I am fully in favor of mixed development and would love to live above a coffee shop, restaurant, bodega, retail store etc. I am not in favor of living next to a place where assembly or manufacturing is taking place (or any other industrial behavior). Either the type of business needs to be somewhat regulated or the hours in which commerce can occur need to be better regulated to encourage people to do things like replenishing inventory in the evening as opposed to early in the morning.



Its part of city life. I lived across the street from a fire house. On one corner was a bar and laundrymat. Up the street was a taqueria, body shop and corner store - a block over was EFF. Behind, an artifact of the neighborhood’s blue collar past was a metal fab shop. The rhymic cur-chunk of the punch presses often put me to sleep on a saturday afternoon only to be startled awake by sirens.

At the time it suited me fine.
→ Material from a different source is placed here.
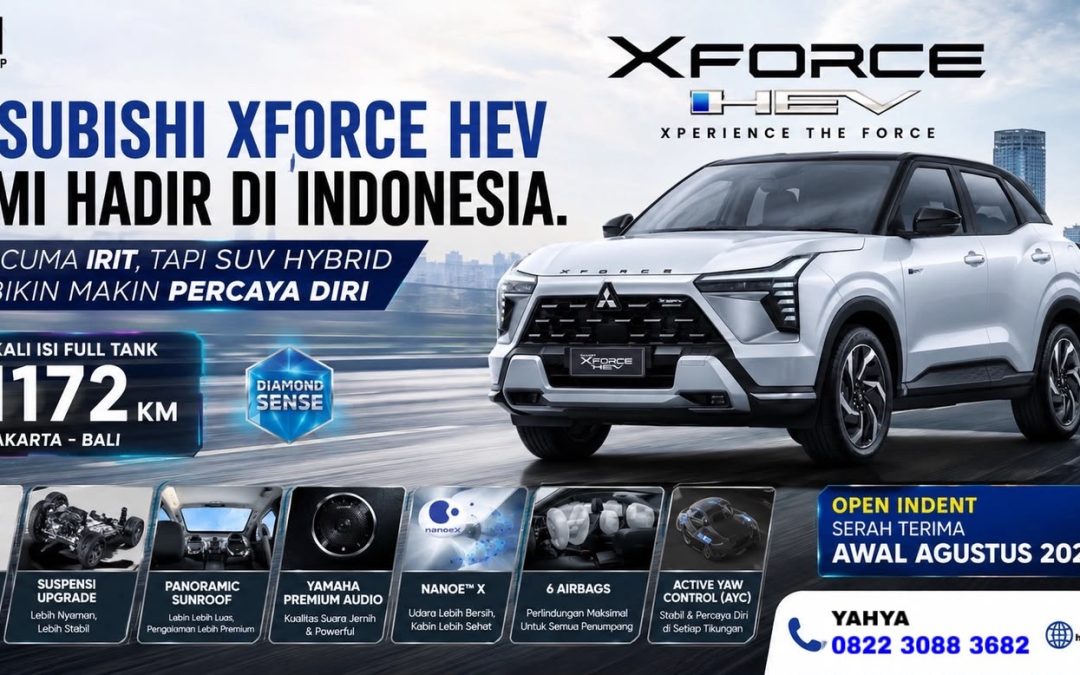 Mitsubishi Xforce HEV Resmi Hadir Di Indonesia. Bukan Cuman Irit, Tapi SUV Hybrid Yang Bikin Makin Percaya Diri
It is clear to me though that we still need suburbs. For some at certain points in their life they need the quiet. We have too suburbs though. I think many folks could live in denser environs.

Its backwards that cities are more expensive than suburbs. Density should lower costs. High populations should lower costs. There should be both economies of scale and network effects. I think, to the writers point, we regulate the wrong things.


Cities don't have to be loud. My neighborhood in Tokyo is the one of the quietest I've ever lived in but minutes from places that are denser than literally anywhere in the United States. Not having giant streets, as well as nuisance zoning [1] pretty much solves that problem.

[1] http://urbankchoze.blogspot.com/2014/04/japanese-zoning.html


But then in suburbs your boomer neighbor will be riding his gasoline lawnmower outside your window at 7 am on a Saturday. Or he'll be paying his gardener to push leaves into his neighbor's lawn with a leaf-blower (a device that ought to be banned by law) instead of using a fucking rake.


>spectacularly annoying to be woken up early in the morning

If by early you mean "slightly before the start of bushiness hours".

Nobody is waking up at 6am to turn wrenches at 7. Yeah, I guess if they start up at 7-8am that puts a damper on your ability to sleep in until 9 on weekdays but is that really something you find yourself wanting to do all that often? An automotive shop sounds a heck of a lot better than any establishment that is open late. I say this as someone who lives baseball throwing distance from a small business that maintains a fleet of excavators and trucks. If you live in a relatively developed area something is going to be making noise, garbage trucks, delivery trucks, nearby construction, etc.


Most shops I know open at 7:30, which seems reasonable on a Wednesday, but super obnoxious Saturday morning if they start work before their official opening.


It may surprise you to learn that not everyone works a 9-5 office job.